This agreement is an arrangement between the landowner and the builder/developer where the landowner contributes his land, and the developer takes the responsibility to obtain approval, construction and marketing the project with financial resources.
The proviso says that- Where a registered person, i.e., landowner-promoter, who transfers development right or FSI (including the additional FSI) to promoter (developer-promoter) against consideration, wholly or partially, in the form of apartments construction, the developer-promoter will pay tax on supply of construction of apartments to the landowner-promoter and such a landowner-promoter will be eligible for credit of taxes charged from him by the developer-promoter towards the supply of construction of apartments by developer-promoter to him, provided the landowner-promoter supplies such apartments to his buyers before issuing completion certificate or first occupation, whichever is earlier and pays the tax charged from him on constructing such apartment by the developer-promoter.
Here developer-promoter is a promoter who constructs/converts a building into apartments or develops a plot for sale. In such a scenario- the developer must pay GST return on total value of construction when he sells them to both buyer and the land owner.
According to Section 2 (zk) (Real Estate Regulation and Development Act 2016), promoter refers to a person who constructs or causes to construct an independent building or a building consisting of apartments or converts an existing building or a part thereof into apartments, to sell all or some of the apartments to other persons & includes his assignees.
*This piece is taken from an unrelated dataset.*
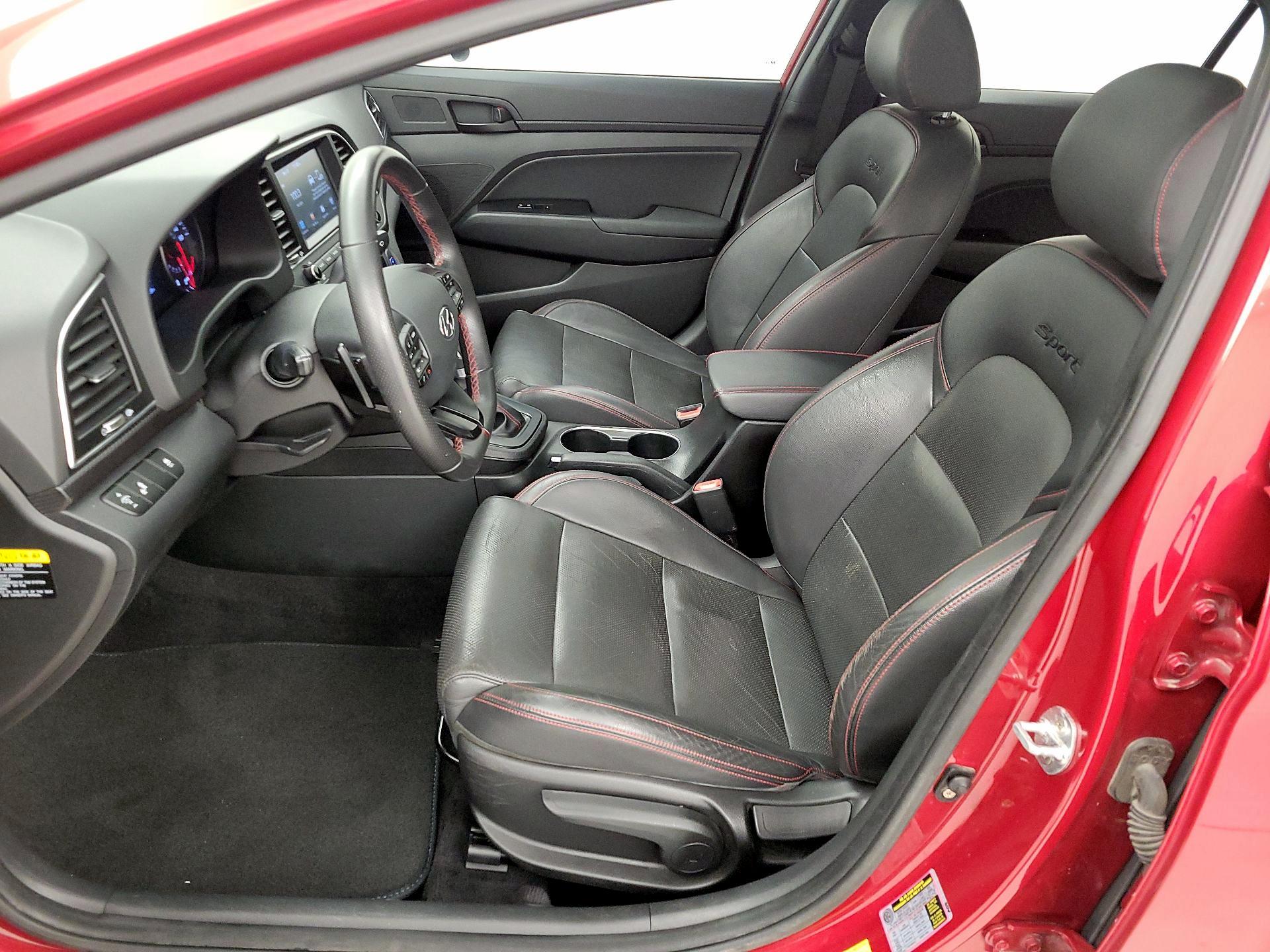 Thumbnail: 2018 Hyundai Elantra - 11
A builder or developer constructs the property for the purpose of sale under JDA. The builder takes full responsibility of construction and marketing. As stated earlier, the builder is responsible for planning, designing, getting approvals from different departments and payment of taxes.
The land owner does not have any role in JDA apart from taking proportionate build up area equal to his land value. The judicial pronouncements also express the same.
The construction of buildings/apartments undertaken by a builder is a works contract. The works contract is an indivisible contract that involves supply of goods and labour.
Thus, as prescribed under Schedule II (5) (b), the construction of apartments for sale shall be considered as services provided by the builder. Therefore the provision levy under GST is only on construction of complex, building or a part thereof, including a complex or building intended for sale to the buyer, and it is not on the build up or developed area.
According to section 31 (6), where the supply of services ceases under a contract prior to completion of the supply, the invoice will be issued at the time when the supply ceases. Such invoice would be issued to the extent of the supply made before cessation.
Therefore GST shall apply when the tax invoice is raised by the builder against the supply of the construction services. When the invoice is raised by the builder on the buyer and hands over the constructed area, then the activity of construction will get terminated, which was intended for sale to the buyer as provided in Schedule II (5) (b).
Thus, in case where the builder hands over the share of land owners’ apartment after the payment of related GST, such property becomes immoveable property in buyers’ hands as provided under Item 5- Land and Building of Schedule III of the CGST Act.
As per the judgement of the apex court, it can be said that the land owner is not a partner or a co-adventurer, in cases where his land is given to the builder cum promoter for constructing apartments under Joint Development Agreement. Further, GST levy is only on the building construction specified under Schedule II (5) (b). Thus, no liability would arise on the resale of constructed immoveable property by the land owner.